Más allá de la percepción de los diferentes sectores y de si esta disculpa cambiará la percepción general del gobierno que encabeza Enrique Peña, hay un elemento más poderoso detrás de esta acción.
Todos hemos vivido algún capítulo complicado o denso en nuestras vidas. Todos hemos quedado atrapados en alguna dinámica indeseada y hemos visto cómo ese círculo vicioso nos arrastra a estar en condiciones indeseables para tomar decisiones, para movernos hacia el futuro.
El cerrar un episodio complejo es, en todo sentido, un paso deseable para todos. Y ese es el verdadero rédito que obtendrá el gobierno federal de este evento.

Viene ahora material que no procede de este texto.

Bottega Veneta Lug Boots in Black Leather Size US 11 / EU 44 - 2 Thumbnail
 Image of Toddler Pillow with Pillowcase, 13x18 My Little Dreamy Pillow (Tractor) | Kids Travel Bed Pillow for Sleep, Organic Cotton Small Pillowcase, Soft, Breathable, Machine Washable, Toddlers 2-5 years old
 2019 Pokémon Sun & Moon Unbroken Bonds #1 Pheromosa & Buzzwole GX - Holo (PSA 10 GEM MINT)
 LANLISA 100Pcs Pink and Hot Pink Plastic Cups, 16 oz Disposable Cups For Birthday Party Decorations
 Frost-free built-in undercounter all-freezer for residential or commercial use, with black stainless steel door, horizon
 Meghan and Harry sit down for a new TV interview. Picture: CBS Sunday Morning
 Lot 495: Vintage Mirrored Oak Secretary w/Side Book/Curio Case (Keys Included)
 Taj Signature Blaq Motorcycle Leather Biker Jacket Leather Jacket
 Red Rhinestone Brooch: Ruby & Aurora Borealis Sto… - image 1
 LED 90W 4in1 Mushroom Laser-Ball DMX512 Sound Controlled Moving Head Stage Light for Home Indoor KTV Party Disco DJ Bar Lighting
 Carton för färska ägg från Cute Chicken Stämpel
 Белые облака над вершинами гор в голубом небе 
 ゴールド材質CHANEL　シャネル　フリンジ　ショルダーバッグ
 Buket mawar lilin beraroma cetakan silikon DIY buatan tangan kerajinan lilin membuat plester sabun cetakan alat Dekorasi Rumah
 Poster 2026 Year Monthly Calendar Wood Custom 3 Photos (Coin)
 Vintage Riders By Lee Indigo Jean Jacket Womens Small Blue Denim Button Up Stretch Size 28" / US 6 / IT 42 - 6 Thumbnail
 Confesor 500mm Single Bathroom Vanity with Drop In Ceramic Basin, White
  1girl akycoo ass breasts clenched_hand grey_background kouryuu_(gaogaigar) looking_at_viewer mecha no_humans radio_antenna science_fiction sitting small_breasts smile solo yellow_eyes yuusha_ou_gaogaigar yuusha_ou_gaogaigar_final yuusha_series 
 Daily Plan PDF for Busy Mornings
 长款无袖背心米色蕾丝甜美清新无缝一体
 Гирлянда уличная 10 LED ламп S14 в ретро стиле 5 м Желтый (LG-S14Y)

Sacará al Presidente y a su círculo cercano de la inmovilidad que les daba la sensación de estar sitiados por un juicio social y público; por cargar con una condena inescapable.
El verdadero poder de ese perdón no estará en si la sociedad mexicana lo otorga o no, sino en liberar al presidente y su dinámica de actuación del yugo autoimpuesto del tema de la casa blanca.
No tengo duda de que veremos un gobierno diferente ahora. Y un gobierno dinámico y tomando decisiones tiene mejores probabilidades de salir del mal juicio público que uno atrapado por la inmovilidad de un interminable mea culpa. Ese es el verdadero poder del perdón.